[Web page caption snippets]
....................

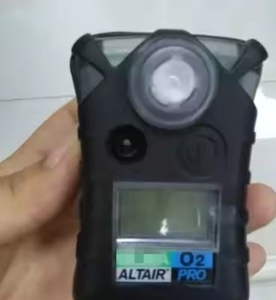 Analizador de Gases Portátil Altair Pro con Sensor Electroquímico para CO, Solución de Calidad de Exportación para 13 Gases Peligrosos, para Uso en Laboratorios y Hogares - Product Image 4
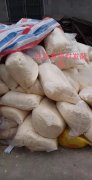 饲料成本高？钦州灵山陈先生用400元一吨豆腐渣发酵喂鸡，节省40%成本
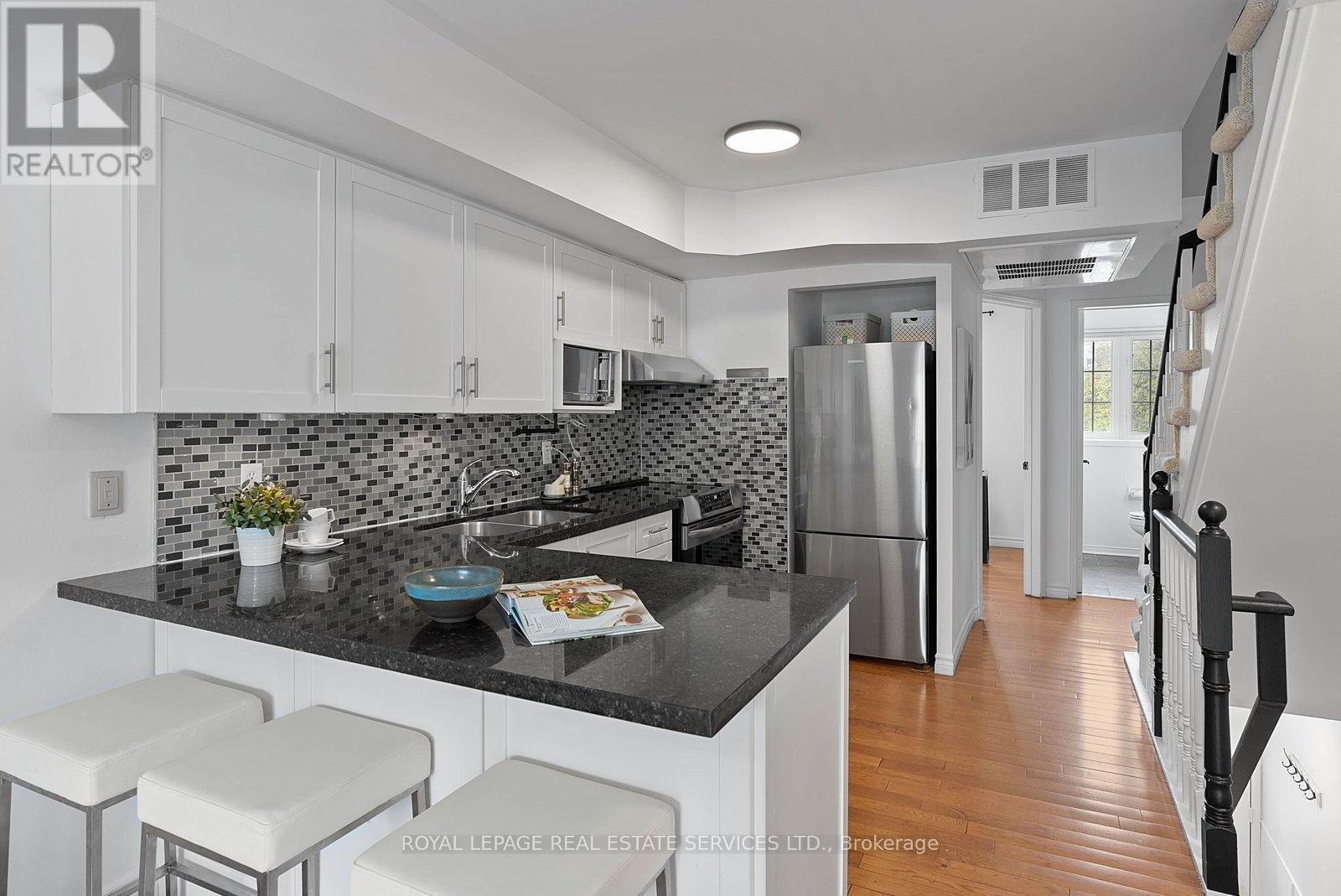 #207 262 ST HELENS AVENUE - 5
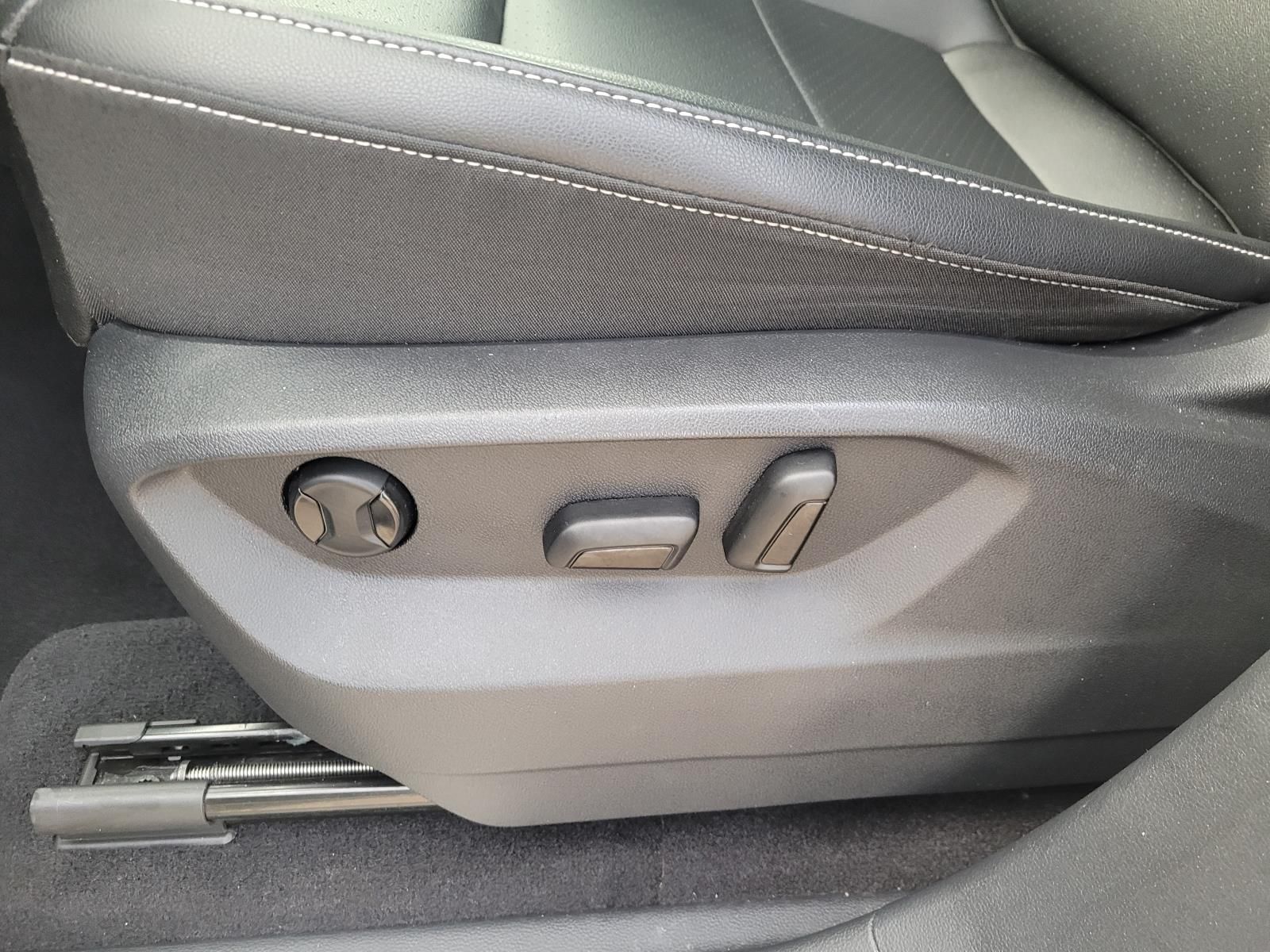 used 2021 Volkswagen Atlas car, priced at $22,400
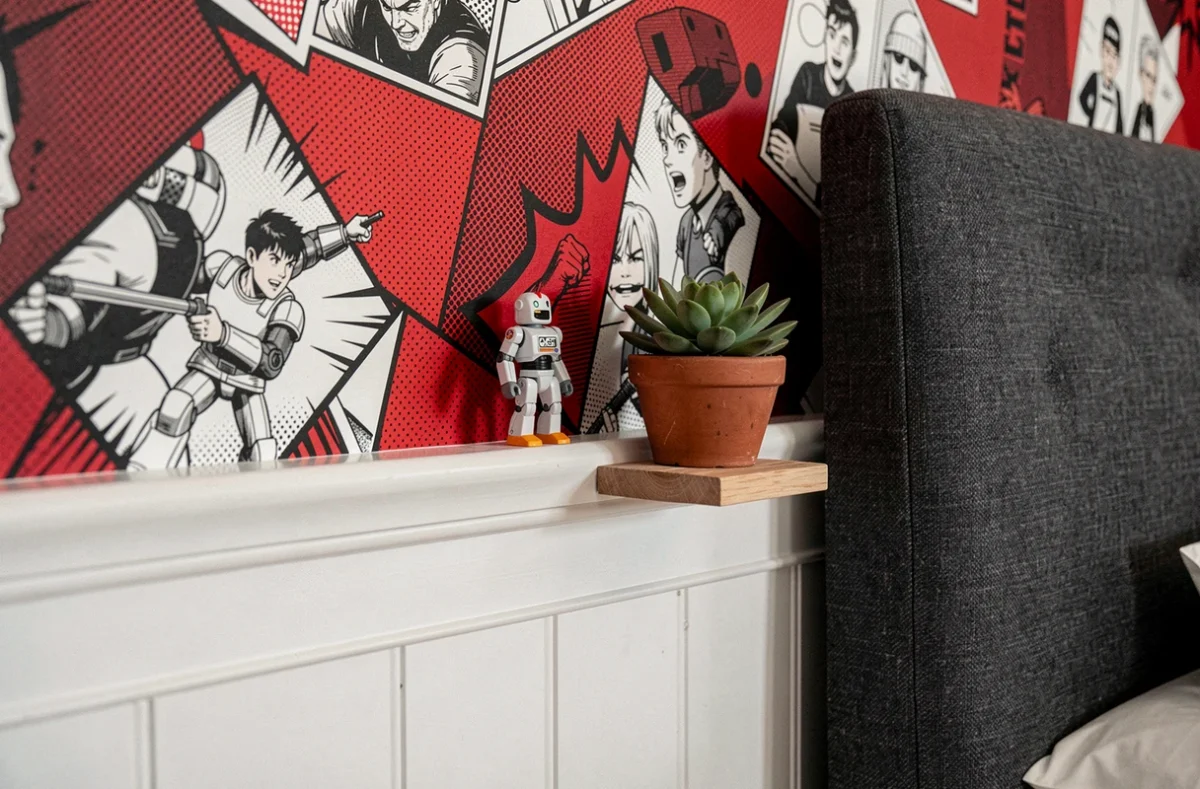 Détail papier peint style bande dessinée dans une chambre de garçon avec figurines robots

....................

From the records given above, reproduce all text exactly and exclude each picture.

**ANSWER FOR THE TASK:**
 Analizador de Gases Portátil Altair Pro con Sensor Electroquímico para CO, Solución de Calidad de Exportación para 13 Gases Peligrosos, para Uso en Laboratorios y Hogares - Product Image 4
 饲料成本高？钦州灵山陈先生用400元一吨豆腐渣发酵喂鸡，节省40%成本
 #207 262 ST HELENS AVENUE - 5
 used 2021 Volkswagen Atlas car, priced at $22,400
 Détail papier peint style bande dessinée dans une chambre de garçon avec figurines robots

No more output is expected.